# Algorithm for producing array of objects according to the given distribution

I have a set of objects, and each object has (let's say) a color. Given a distribution such as:

red : 50%
green : 30%
blue : 20%


I need to produce an N-length array of objects with a color distribution as close to this as possible. It is possible that the length of the original list is smaller than N, so duplicates may be required.

Is there an efficient algorithm that might be suited for this kind of task? I imagine there is, but I'm lacking the terminology to find it.

The term you are looking for is "sampling", "sampling without replacement", "sampling with replacement", "generating random samples from a given distribution", or "inverse transform sampling". Lots of nice articles and references can be found if you use those keywords to search.

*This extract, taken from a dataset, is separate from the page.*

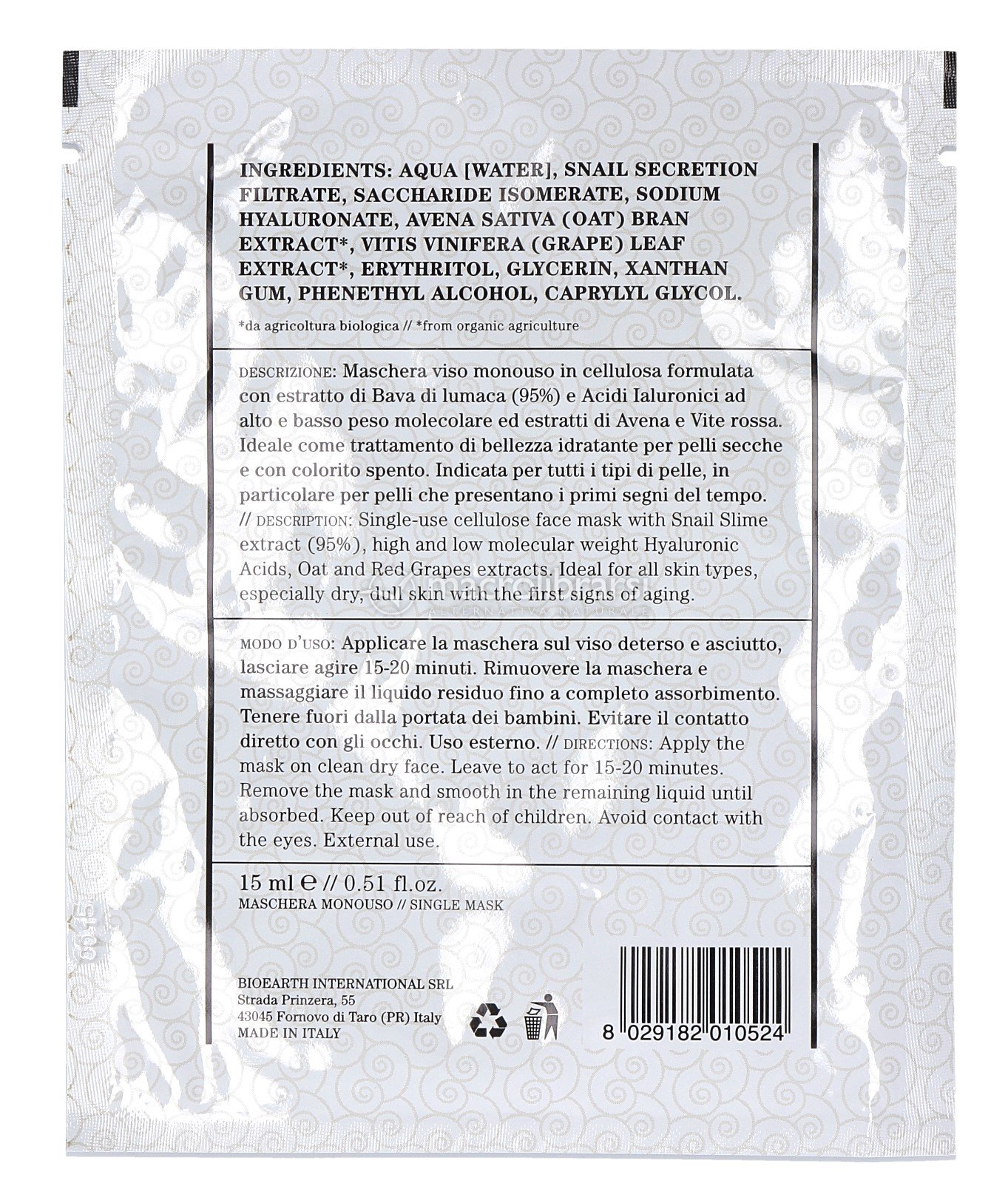 Casco Maschera 30 Mascherine Medico-chirurgiche Monouso A 3 Strati – Protezione Bocca E Naso, Con Elastici Per Le Orecchie 30 Pezzi Mascherine Protettive - Foto 14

Here is a simple algorithm to simulate the given distribution, red:50% green:30% blue:20%, using sampling with replacement.

Let arr be an empty array.
Repeat the following N times
generate a random float-point number between 0 inclusive and 1 exclusive.
if the number is between 0 inclusive and 0.50 exclusive, select a random red object.
if the number is between 0.50 inclusive and 0.70 exclusive, select a random green object.
if the number is between 0.70 inclusive and 1.0 exclusive, select a random blue object.
Append the selected object to arr.
Return arr.

• Thanks for the terminology, just what I needed. – Graham Aug 5 at 15:06

Do you need to guarantee that, in every sample, 50% of the objects are red, 30% are green and 20% are blue? If so, just make your array consist of $$0.5\,N$$ red objects chosen uniformly at random, followed by $$0.3\,N$$ green and $$0.2\,N$$ blue. You'll need to deal with the rounding error if $$N$$ isn't divisible by $$10$$. You can always shuffle the array if it's not desirable to have it sorted by colour.

If you only need to guarantee that the proportions of the colours are correct in the long-run, Apass.Jack's solution will do the job. If $$N$$ is very large, then each array generation is "the long-run" and will be close to the correct proportions (but not guaranteed to be exact).